1.5 Aus mehreren Worten zusammengesetzte Marken (wie etwa Werbeslogans) sind nach denselben Kriterien zu prüfen wie herkömmliche Wortmarken; ihre Schutzfähigkeit ist zu verneinen, wenn sie nur eine Aussage über die Ware oder Dienstleistungen selbst enthalten, die sie beschreibt (RS0122385). Der EuGH hat darüber hinaus ausgesprochen, dass die Eintragung auch einer solchen Wortverbindung unzulässig ist, die geeignet ist, von anderen Wirtschaftsteilnehmern zur Bezeichnung eines Merkmals ihrer Waren- oder Dienstleistungen verwendet zu werden (C 191/01 P, Doublemint, Rz 32). Dies erklärt sich aus der Überlegung, dass ein allgemeines Interesse daran besteht, dass Zeichen oder Angaben, die Waren oder Dienstleistungen beschreiben, von jedermann frei verwendet werden können, weshalb es nicht erlaubt ist, dass solche Zeichen oder Angaben einem einzigen Unternehmen vorbehalten werden (C 191/01 P, Doublemint, Rz 31; C 265/00, Biomild, Rz 36; 4 Ob 180/16y, FairUse ).

1.6 Fremdsprachige Begriffe sind im Allgemeinen so zu behandeln wie deutschsprachige ( Newerkla in Kucsko/Schumacher aaO § 4 Rz 224). Die Eintragung eines fremdsprachigen Worts als Marke ist unzulässig, wenn die beteiligten Verkehrskreise im Mitgliedstaat, in dem die Eintragung beantragt wird, imstande sind, die Bedeutung dieses Worts trotz seiner Fremdsprachigkeit zu erkennen (OLG Wien 34 R 12/14f, Nero ; 33 R 91/23d, OLIOBENE; 33 R 146/23t, ICONIC ENTERTAINMENT ). Ob ein fremdsprachiger Begriff Kennzeichnungskraft hat, hängt somit davon ab, ob er im Prioritätszeitpunkt im Inland so weit bekannt war, dass der inländische Verkehr einen die Kennzeichnungsfunktion ausschließenden Sinngehalt erkennen konnte (4 Ob 7/05s, car care ; 4 Ob 28/06f, Firekiller ; 4 Ob 11/14t, Expressglas ). Das kann selbst dann zutreffen, wenn die Bezeichnung in der Fremdsprache nicht gebräuchlich ist (4 Ob 277/04w, Powerfood; 4 Ob 28/06f, Firekiller; 4 Ob 38/06a, Shopping City ).
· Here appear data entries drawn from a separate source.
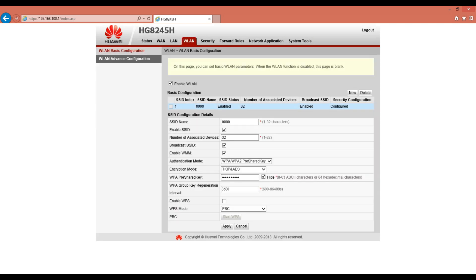On top of the page, click on WLAN. In the SSID name field, enter your wireless username. In the WPA pre-shared key field, you can enter your wireless password. It should be between 8 to 64 characters. Then click on Apply.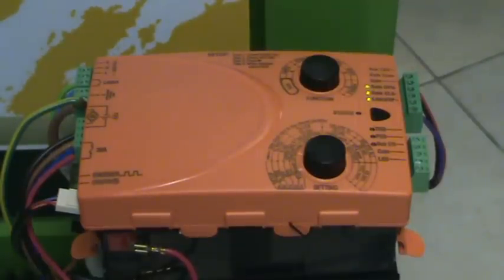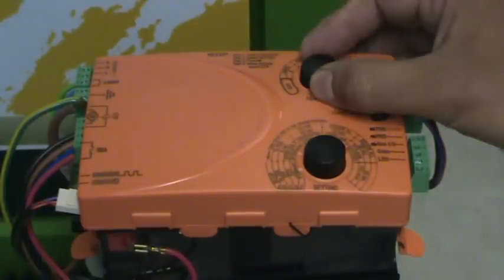Let's take a look at how easy it is to use the D2 Turbo Controller. In this example, we're going to learn in a remote control. We take the function dial and turn that to remote.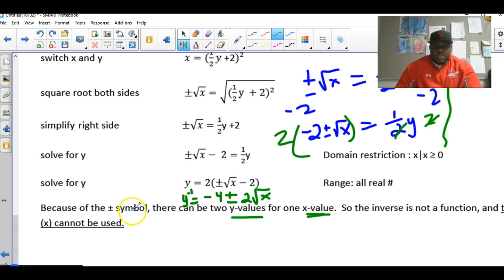Because of the plus or minus symbol, there can be two y-values for one x. That violates the definition of a function — one x can only give one y. So the inverse here is not a function. Whenever you get a plus or minus in the inverse, it cannot be a function.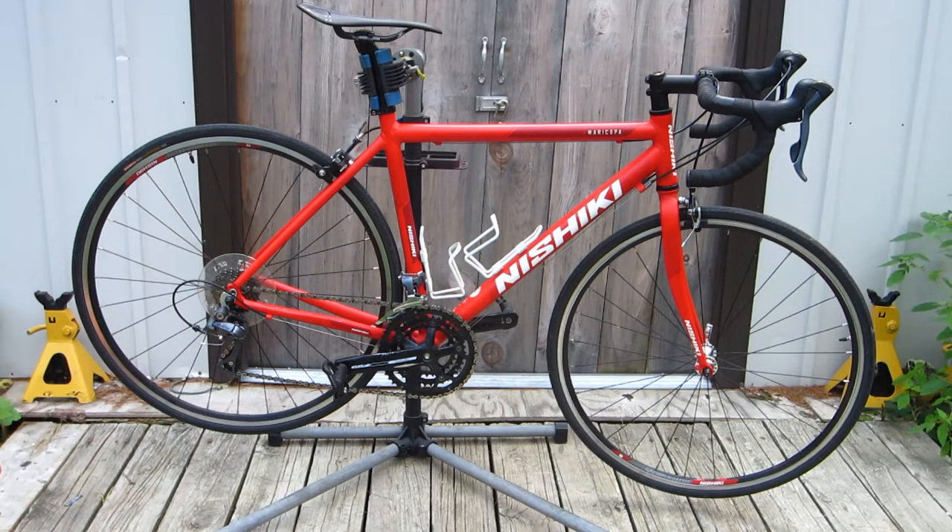Hello and welcome. What you're looking at right now is my favorite road bike in my stable, my Nashiki Maricopa. Not only is it my favorite color — obviously red — but it rides really well.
2. Ausgehend von diesen Grundsätzen kann dem angemeldeten Zeichen die Unterscheidungskraft nicht abgesprochen werden:

2.1 Der Antragstellerin ist darin beizupflichten, dass sich die unter dem Zeichen registrierten Waren eher an Fachkreise als an den Durchschnittsverbraucher richten. Umso mehr ist – weil Englisch als wichtigste Handelssprache in Österreich die geläufigste Fremdsprache ist (4 Ob 36/14v, SELECTIVE/LINE; OLG Wien 34 R 78/14m, BE ORIGINAL ) – davon auszugehen, dass die beteiligten Verkehrskreise über gute Englischkenntnisse verfügen.

2.2 Entgegen der von der Rechtsabteilung vertretenen Ansicht kommt der englischen Vorsilbe „eco-“ keine ganz eindeutige Bedeutung zu: Sie kann nämlich nicht nur für „ecological“ und damit für ökologisch oder umweltfreundlich stehen, sondern auch für „economical“, also ökonomisch im Sinne von wirtschaftlich oder sparsam.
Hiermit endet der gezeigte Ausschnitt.